Une araignée au plafond
J’avais déjà eu l’occasion de vous parler d’Arachné, cette jeune tisseuse lydienne qui ose rivaliser avec Athéna et finit transformée en araignée. Mais en lisant Les mythes grecs du poète britannique Robert Graves, je suis tombée sur une autre interprétation passionnante de ce mythe étiologique*.

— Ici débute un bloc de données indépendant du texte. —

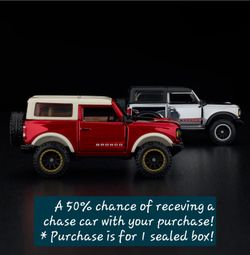 Hot Wheels RLC 21 Ford Bronco CHANCE OF CHASE ( 1-CAR ONLY ) FACTORY-SEALED-BOX!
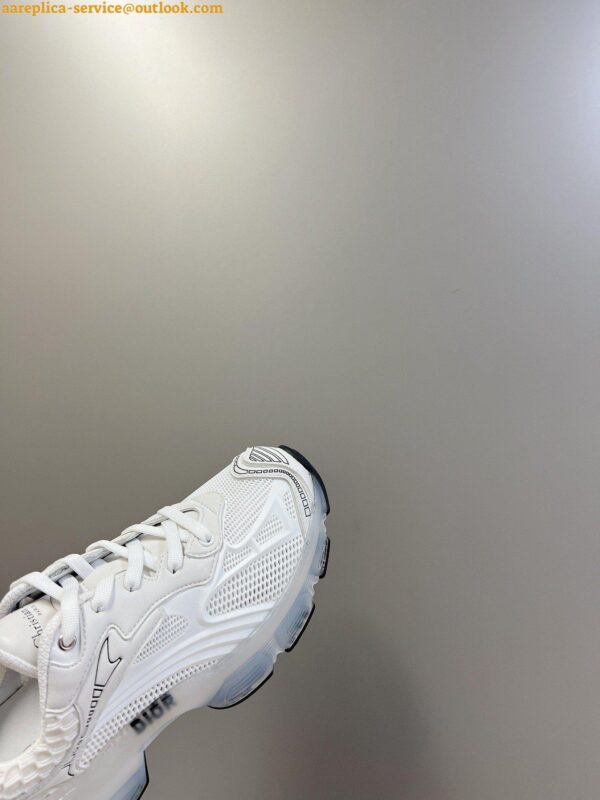 Replica Dior Vibe Sneakers in White Technical Fabric and Mesh 6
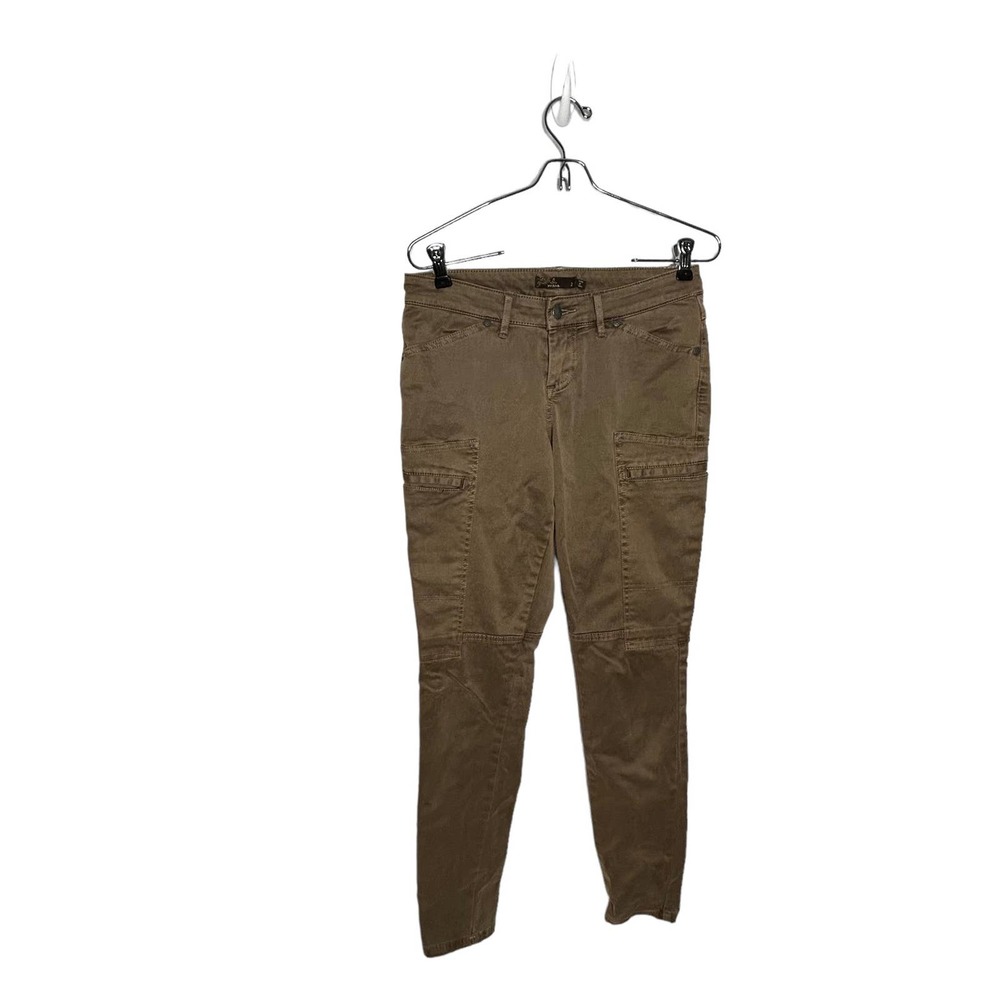 prAna Louisa Skinny Leg Pants Women's Size 2 cargo outdoor brown dark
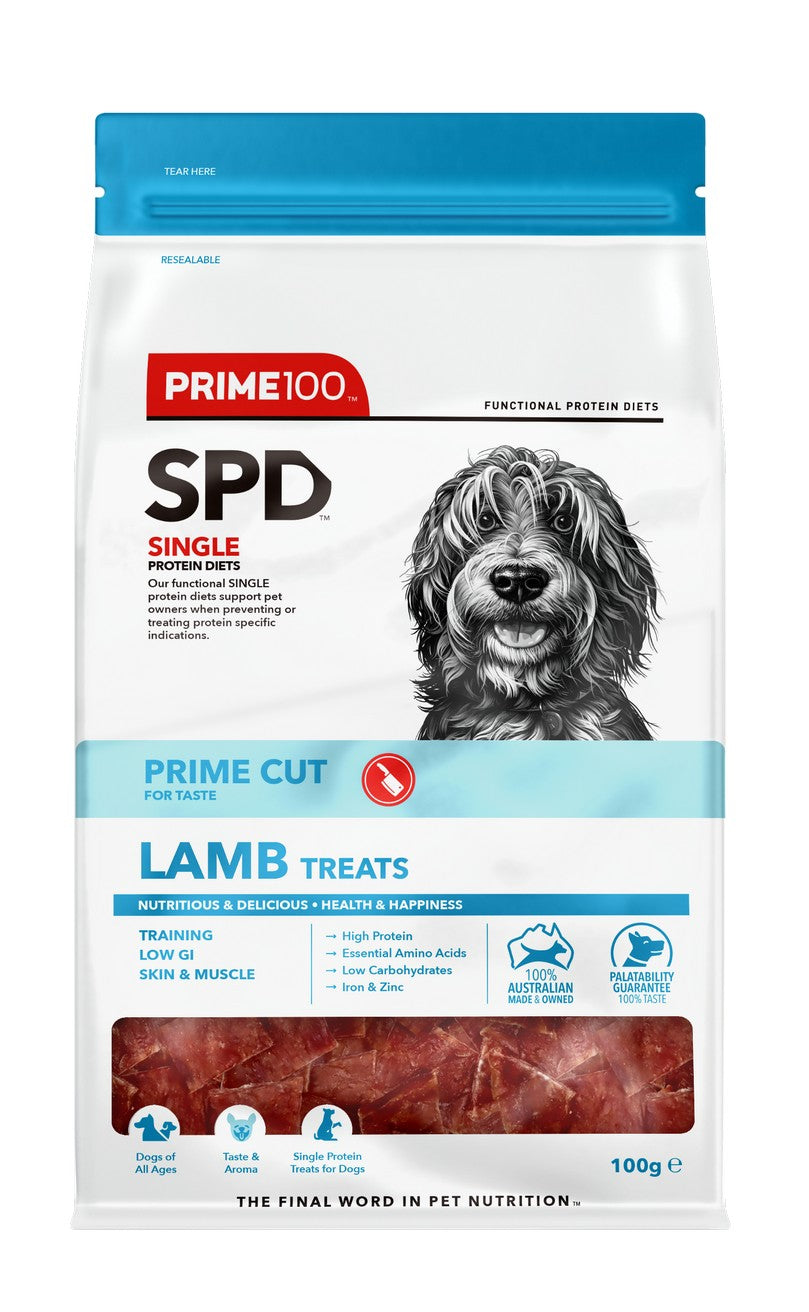 Prime 100 SPD Prime Cut Lamb Treats 100g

Revenons d’abord sur le mythe un instant
C’est Ovide qui en fait le récit. Jeune fille de Lydie en Asie Mineure, Arachné provoque la colère d’Athéna quand elle affirme être la meilleure tisseuse du monde. Afin de lui prouver sa supériorité et la punir de son arrogance, Athéna organise un concours. Tandis que la déesse choisit d’illustrer sa broderie des dieux de l’Olympe et dans les coins les mortels présomptueux, la jeune fille, elle, représente les dieux en proie à des comportements honteux, notamment Zeus avec ses nombreuses amantes illégitimes. Le tissage est parfait mais jalouse et furieuse, Athéna déchire l’ouvrage d’Arachné. Ainsi humiliée, la mortelle se pend. Pleine de remords, la déesse offre alors une seconde vie à Arachné, mais cette fois-ci en araignée suspendue à son fil, pour qu’elle puisse tisser pour l’éternité.

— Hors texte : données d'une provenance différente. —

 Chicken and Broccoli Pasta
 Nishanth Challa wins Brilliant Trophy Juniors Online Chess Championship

Et si cette histoire de jalousie en cachait une autre ?
Ce mythe vous plait ? À moi aussi, pourtant il sonne faux. Il détonne avec ce que l’on sait d’Athéna. Sage conseillère, oui. Stratège, bien sûr. Mais jalouse ? Voilà un défaut qu’on ne lui connait guère. Contrairement à son père, Zeus, elle ne se laisse pas emporter par de vulgaires sentiments humains. Conseillère des Dieux et des héros, elle est le contraire d’une déesse colérique…
C’est ici que Robert Graves intervient. Car dans son ouvrage de référence sobrement intitulé Les mythes grecs, l’essayiste ne se contente pas de faire une relecture des mythes, il les réinterprète à la lumière des connaissances du XXème siècle. En se plongeant dans l’archéologie et l’histoire antique, il déniche mille anecdotes qui permettent de redécouvrir ces histoires illustres. Celle du jour en est le parfait exemple.

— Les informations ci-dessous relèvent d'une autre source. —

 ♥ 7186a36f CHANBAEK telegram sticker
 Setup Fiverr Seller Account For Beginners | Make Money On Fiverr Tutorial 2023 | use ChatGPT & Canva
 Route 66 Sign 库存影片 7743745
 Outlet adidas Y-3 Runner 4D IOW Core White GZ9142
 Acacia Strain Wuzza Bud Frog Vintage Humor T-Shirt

Nous sommes du début du IIème millénaire avant JC. Deux régions de Grèce dominent le commerce de la laine : les tisserands d’Athènes et ceux de Milet, en Asie mineure. Or on a retrouvé au cours de fouilles à Milet de nombreux sceaux à l’effigie… d’une araignée ! D’après Robert Graves, les Milésiens contrôlent à cette époque le commerce de la laine de couleur, de la mer Noire au sud de la Méditerranée, possédant même des entrepôts en Egypte.
Les Athéniens avaient donc de bonnes raisons de leur en vouloir. De là à écrire une mythe où leur patronne anéantit une tisserande qui ose lui faire de l’ombre, il n’y a qu’un pas !
* On appelle mythe étiologique un mythe qui cherche à expliquer l’origine d’un phénomène naturel, ou la création d’un être ou d’une chose. Ovide en était particulièrement friand et on trouve de nombreux dans ses Métamorphoses.